21st July 2008

Poached Salmon Kedgeree

Poached Salmon Kedgeree

A new, tongue-tingling recipe for us tonight from Fitness Food. Kedgeree is an Indian-inspired British dish of eggs, fish, and rice — you can read a detailed history here. Apparently it’s a popular breakfast/brunch dish, but for us it made sense as yet another way to have salmon for dinner.

Lisa says:

That book has really given us some winning recipes.

Chris says:

Tell me about it! I’ve never heard of this dish before…

Lisa says:

Me neither! It’s really different.

Chris says:

Yeah, that combo of hard-boiled eggs along with the salmon is unexpectedly delicious!

Lisa says:

I actually like the raisins in this, too. And there’s just enough spice.

Chris says:

The spicy mango chutney goes well with it. But you know what I like best about this?

Lisa says:

Hmmmm… what?

Chris says:

The portion size… not going hungry here!

Poached Salmon Kedgeree
2 eggs
3 cups chicken stock
1/2 cup white wine
1/2 lemon, sliced
2 x 7 oz salmon fillets, at room temperature
1 tsp low-fat butter spread
1 large red onion, chopped
2 tbsp mild curry powder
2 tsp ground turmeric
1 1/2 cups basmati rice
1/2 cup golden raisins
1 large handful flat-leaf parsley, chopped

Hard-boil the eggs, peel, and roughly chop. Set aside.
Heat a heavy-base frying pan that it at least 3 inches deep and 10 inches in diameter. Add the stock, wine, and lemon slices and heat to a simmer, then add the fish. Simmer for 8 minutes, or until just cooked through. You’ll want the cooking liquid to completely cover the fish. When fully cooked, move the fish to a plate, remove the skin, and use a fork to roughly flake. Set aside, and cover with plastic wrap to prevent drying out. Strain the stock into a large container to measure 3 cups and set aside. Wipe out the pan.
Heat the butter spread in the frying pan, add the onion, and cook for a few minutes until softened. Add the curry powder, turmeric, and rice. Stir and cook for 1 minute. Stir in the reserved stock. Bring to a boil, lower the heat, cover, and simmer for 20 minutes until the rice is cooked and the liquid absorbed.
Carefully stir in the chopped egg, salmon, raisins, and half the parsley. Divide among 4 bowls. Top with the remaining parsley. Serve with a fruit chutney and lemon wedges.

4 Servings

posted in Fitness Food, Indian, Main Dishes | 5 Comments

24th June 2008

Costa Rican Tilapia

Tilapia
Abbie and Carrie were over tonight and we made this tilapia dish again; the rice is totally the star of the show. It’s mixed with oranges, black beans, tomatoes, cilantro, onions… totally delicious.
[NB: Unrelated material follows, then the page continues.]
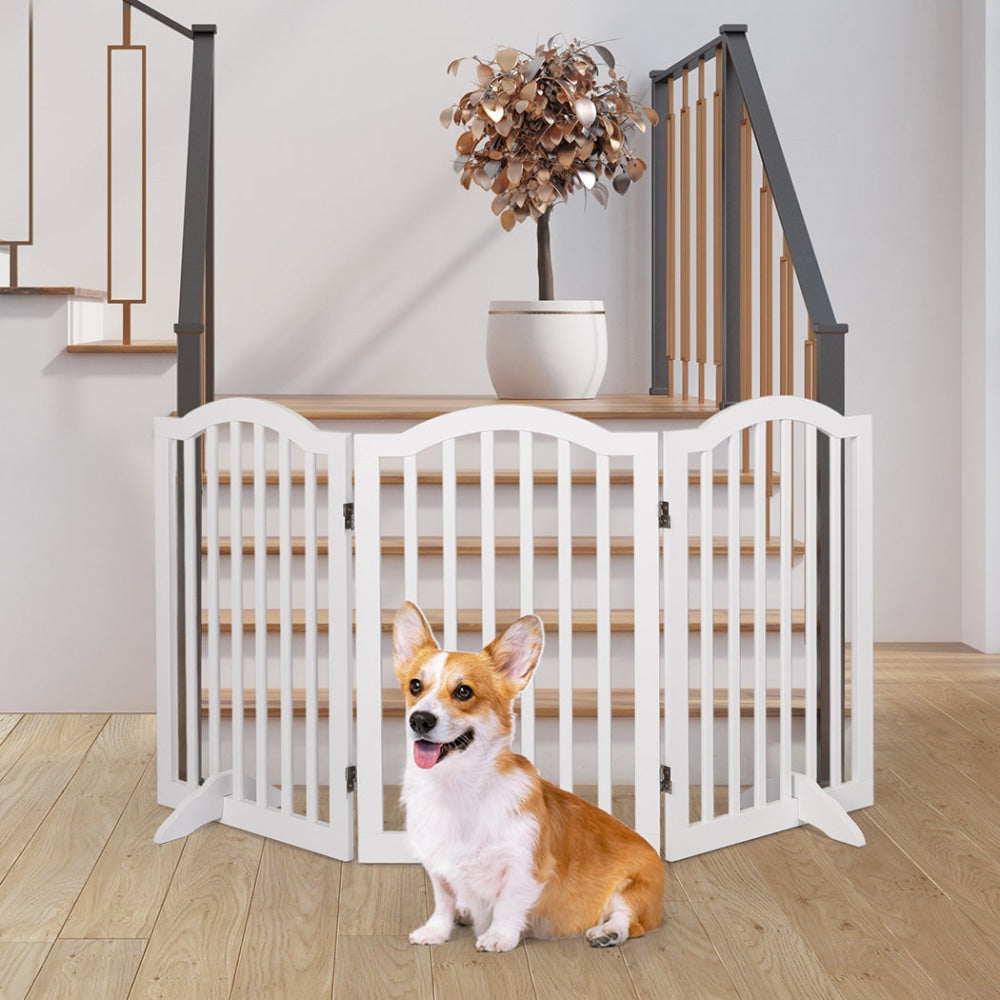 PaWz Wooden Pet Gate Dog Fence Safety Stair Barrier Security Door 3 Panels White Cares Fast shipping On sale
The last time we made this was for an International Potluck — not only did I not have time to properly photograph the dish, but we didn’t post recipes then, so I figured it deserved a second run.

Chris says:

I forgot how good this was.

Abbie says:

Usually when I have tilapia I think it’s too “fishy”… but this is great. Maybe it’s the marinade. And awwww… thanks for making my plate with parsley instead of cilantro

Chris says:

No problem (weirdo)… besides, that’s more cilantro for us!

Carrie says:

This is so good — I love it!

Lisa says:

I’m just taking little bites, which don’t seem like much, but then add those up…

Carrie says:

I know!

Chris says:

Hey… leave some for Thad!

Costa Rican Tilapia
3 tablespoons fresh lime juice
3 tablespoons olive oil
4 tablespoons finely chopped fresh cilantro
4 teaspoons minced garlic
1-1/2 teaspoons kosher salt
1/4 teaspoon sugar
6 tilapia fillets, about 5 ounces each
3/4 cup long-grain rice
1 cup chopped onions
2 oranges, peeled, seeded, coarsely chopped
1 can (28 ounces) diced tomatoes, undrained
1 can (15 ounces) black or pinto beans, drained, rinsed
1 teaspoon dried oregano leaves
1/2 teaspoon freshly ground black pepper
1/4 teaspoon cayenne pepper

For the tilapia marinade, combine lime juice, 1 tablespoon olive oil, 2 tablespoons cilantro, 1 teaspoon garlic, 1/2 teaspoon salt, and sugar in a shallow dish. Add tilapia and marinate 15 minutes, turning once.
To prepare the bean and rice mixture, cook the rice according to package directions and keep warm while the tilapia is marinating. Preheat oven to 400 degrees. In a large, high-sided skillet or saucepan, heat 2 tablespoons olive oil on medium heat. Add remaining garlic and onions; sauté until translucent, about 5 minutes, stirring. Add 2 tablespoons cilantro, oranges, tomatoes, beans, oregano, 1 teaspoon salt, pepper, and cayenne. Cook, uncovered, until hot, 7 to 8 minutes, stirring occasionally.
Transfer hot rice to a 9 by 13 inch or 2-1/2 to 3 quart baking dish. Spoon the bean mixture on top of rice and gently blend. Slightly overlap tilapia fillets on top and scrape marinade over fillets. Bake until the flesh of the tilapia just begins to flake at the nudge of a fork, 16 to 20 minutes.

6 Servings

posted in Main Dishes | 2 Comments

27th May 2008

Mango Barbecued Swordfish


This perfect summer recipe is adapted from the McCormick & Schmick’s Seafood Restaurant Cookbook, which I recently received from my boss at work (Thanks, Bill!). I was drawn to this recipe because the salsa reminded me of the one we created to use in our fish taco recipe — mangoes, pineapple, cilantro, onion — and the coconut curry rice sounded awesome. We weren’t let down, we both really enjoyed this dish. Hooray for grilling season! The recipe may look a bit complicated because you have to make the sauce(s) separately, but they come together pretty quickly.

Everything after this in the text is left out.